1950: Extended family gather at the airport to say goodbye to Rahma Barouch, leaving Sudan for a new life in Israel

 

"I had just finished my O-Levels in the summer of 1967, I was 16 and we went for a holiday with my family to England, only my older brother he stayed in Sudan to work in the shop.  We went for a holiday but then because of the 1967 war with Israel we couldn't go back.  My brother that stayed, he was 21 and he wanted papers to leave the country.  But they wouldn’t give him, they put him in prison overnight to interrogate him.  And not just him, all the young Jewish men.  They took them to interrogate them in the prison.  After one night they saw he has nothing, and they let him out.  But then he wanted to leave the country! And he couldn’t.  No papers he can’t go.  So he went from one Embassy to another, to another.  No-one will give him, only the Swiss.  He finally came to the Swiss Ambassador and he came to him and he said, 
‘Can you help? I need to go.  I am a Jew and I need to leave this country.’
The Ambassador said,
‘I know the problem, I will do something for you’.
He gave him the papers, and he went out of that country to Geneva as a refugee.  

But what about us? We were still in England, we asked them to give us asylum they said no.  Canada? ‘No’. South Africa? They said that we are born in Sudan we might be black and so,
‘No’.  Nobody.  My father even had a small heart attack in England after that.  He left everything.  The shop as it is, the house as it is.  He had told my brother to give the keys of the shop to a man who was working with him there, a Nigerian man.  All the stock he lost.  And the house - everything in it - we gave to the woman who used to sell the eggs and the pigeons because we were friends with her and we used to eat at her place a lot.  So, no asylum, we went to Israel.  After a few months my mother decided she has to leave.  She cannot stay there.  So we went back to England to try again, they said no.  So my brother was still in Geneva, he said come and join me here.  We had to come on the train, because the train was much easier, they don’t check everything like on the plane.  We came with the train and the boat, crossing Calais and all this.  We arrived, my brother found us an apartment and they gave us asylum.  But we slept on the floor all together for a few months.  We didn’t have anything, my father almost lost it all."

 
Rabbi Elbaz in Israel, after leaving Sudan

Rabbi Elbaz in Israel, after leaving Sudan

 

"My father was the Rabbi in Sudan after Rabbi Malka died.  He was Rabbi Elbaz, but around 1963 things began to change.  That was when the instability really started.  The Government was more unstable and the Jews started to leave.  When they were going they all came to my father to ask for all kinds of certificates; that they are single, that they are Jewish, that they are married, that they are divorced!

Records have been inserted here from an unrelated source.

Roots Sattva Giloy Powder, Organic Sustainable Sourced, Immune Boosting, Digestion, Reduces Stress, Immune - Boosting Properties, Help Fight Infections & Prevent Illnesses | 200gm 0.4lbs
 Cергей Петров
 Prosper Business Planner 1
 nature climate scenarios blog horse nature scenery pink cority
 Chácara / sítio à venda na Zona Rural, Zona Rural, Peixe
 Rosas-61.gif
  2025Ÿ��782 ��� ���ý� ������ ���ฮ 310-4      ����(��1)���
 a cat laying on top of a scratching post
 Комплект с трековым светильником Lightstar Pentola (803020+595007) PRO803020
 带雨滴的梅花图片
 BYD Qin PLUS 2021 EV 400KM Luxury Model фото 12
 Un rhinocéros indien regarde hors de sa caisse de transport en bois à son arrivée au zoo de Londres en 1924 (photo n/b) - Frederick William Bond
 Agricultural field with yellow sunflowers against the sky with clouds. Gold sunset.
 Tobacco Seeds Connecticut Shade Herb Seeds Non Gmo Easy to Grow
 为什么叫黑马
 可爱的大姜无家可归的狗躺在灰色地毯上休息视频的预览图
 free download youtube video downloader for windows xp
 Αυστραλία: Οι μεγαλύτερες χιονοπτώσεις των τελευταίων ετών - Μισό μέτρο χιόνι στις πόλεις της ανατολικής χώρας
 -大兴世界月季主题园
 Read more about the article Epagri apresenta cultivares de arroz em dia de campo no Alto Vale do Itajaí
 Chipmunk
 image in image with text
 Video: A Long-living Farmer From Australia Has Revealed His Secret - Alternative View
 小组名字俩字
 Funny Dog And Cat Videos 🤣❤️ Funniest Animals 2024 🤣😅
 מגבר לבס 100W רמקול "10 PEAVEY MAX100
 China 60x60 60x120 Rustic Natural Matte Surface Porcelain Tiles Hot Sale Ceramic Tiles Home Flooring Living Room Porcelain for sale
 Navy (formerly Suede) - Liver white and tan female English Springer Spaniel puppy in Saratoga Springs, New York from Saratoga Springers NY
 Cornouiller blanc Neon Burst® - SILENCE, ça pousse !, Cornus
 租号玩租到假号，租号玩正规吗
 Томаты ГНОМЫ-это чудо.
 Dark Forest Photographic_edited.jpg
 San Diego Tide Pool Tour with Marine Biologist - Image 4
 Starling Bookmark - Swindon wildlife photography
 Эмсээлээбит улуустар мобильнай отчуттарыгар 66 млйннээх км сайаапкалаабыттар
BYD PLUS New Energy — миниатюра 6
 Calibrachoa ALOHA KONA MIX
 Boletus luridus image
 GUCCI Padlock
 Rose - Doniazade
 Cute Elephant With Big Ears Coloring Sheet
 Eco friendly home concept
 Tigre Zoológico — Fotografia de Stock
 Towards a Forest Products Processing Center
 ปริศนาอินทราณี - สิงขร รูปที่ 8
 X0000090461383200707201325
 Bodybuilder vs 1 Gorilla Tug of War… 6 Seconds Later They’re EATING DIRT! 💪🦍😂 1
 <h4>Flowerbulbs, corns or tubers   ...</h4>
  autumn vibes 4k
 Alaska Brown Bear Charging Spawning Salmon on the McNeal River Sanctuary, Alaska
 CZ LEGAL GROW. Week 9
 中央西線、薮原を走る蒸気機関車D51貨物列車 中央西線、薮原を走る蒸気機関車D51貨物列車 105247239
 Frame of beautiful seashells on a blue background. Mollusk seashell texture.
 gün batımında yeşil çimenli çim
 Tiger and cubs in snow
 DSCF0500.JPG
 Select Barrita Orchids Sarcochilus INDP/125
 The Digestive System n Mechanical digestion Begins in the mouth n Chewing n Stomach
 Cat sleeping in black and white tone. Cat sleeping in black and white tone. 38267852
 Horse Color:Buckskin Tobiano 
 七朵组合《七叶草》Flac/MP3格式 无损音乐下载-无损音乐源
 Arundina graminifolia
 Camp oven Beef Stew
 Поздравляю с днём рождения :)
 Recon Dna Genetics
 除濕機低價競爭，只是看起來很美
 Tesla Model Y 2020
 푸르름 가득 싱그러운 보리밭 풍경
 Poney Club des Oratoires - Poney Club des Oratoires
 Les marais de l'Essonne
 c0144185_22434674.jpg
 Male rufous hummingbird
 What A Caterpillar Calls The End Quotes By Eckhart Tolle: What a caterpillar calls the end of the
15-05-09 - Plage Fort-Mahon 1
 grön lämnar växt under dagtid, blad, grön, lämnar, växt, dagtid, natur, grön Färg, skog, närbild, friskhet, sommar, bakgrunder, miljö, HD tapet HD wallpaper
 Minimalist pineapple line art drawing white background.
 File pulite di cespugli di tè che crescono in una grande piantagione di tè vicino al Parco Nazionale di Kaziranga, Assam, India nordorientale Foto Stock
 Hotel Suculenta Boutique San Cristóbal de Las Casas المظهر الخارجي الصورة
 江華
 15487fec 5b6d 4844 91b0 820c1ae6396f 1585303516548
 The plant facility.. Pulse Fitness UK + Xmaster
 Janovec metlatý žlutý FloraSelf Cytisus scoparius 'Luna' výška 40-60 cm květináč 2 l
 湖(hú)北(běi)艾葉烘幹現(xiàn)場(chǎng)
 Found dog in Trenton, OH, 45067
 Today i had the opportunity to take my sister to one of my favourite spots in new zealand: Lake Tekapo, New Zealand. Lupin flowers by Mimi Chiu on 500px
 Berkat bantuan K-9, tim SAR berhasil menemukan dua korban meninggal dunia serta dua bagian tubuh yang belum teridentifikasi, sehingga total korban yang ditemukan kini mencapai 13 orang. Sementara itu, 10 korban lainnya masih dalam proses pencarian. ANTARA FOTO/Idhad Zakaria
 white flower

So that when they leave they will not have any problems.  I was his Secretary and I was typing them all, typing away - my typewriter worked very hard!  One of them told me that that piece of paper helped her a lot, because she wanted to marry a Cohen in Israel and she had to prove that she was not a divorcee for her wedding.  Eventually in 1964 we left - we had to leave.  The community told us in 1963 that they cannot pay my father any more. There was not enough of them and they couldn’t afford the salary.  We stayed one and half more years without salary, but in the end it became too much and we had to go."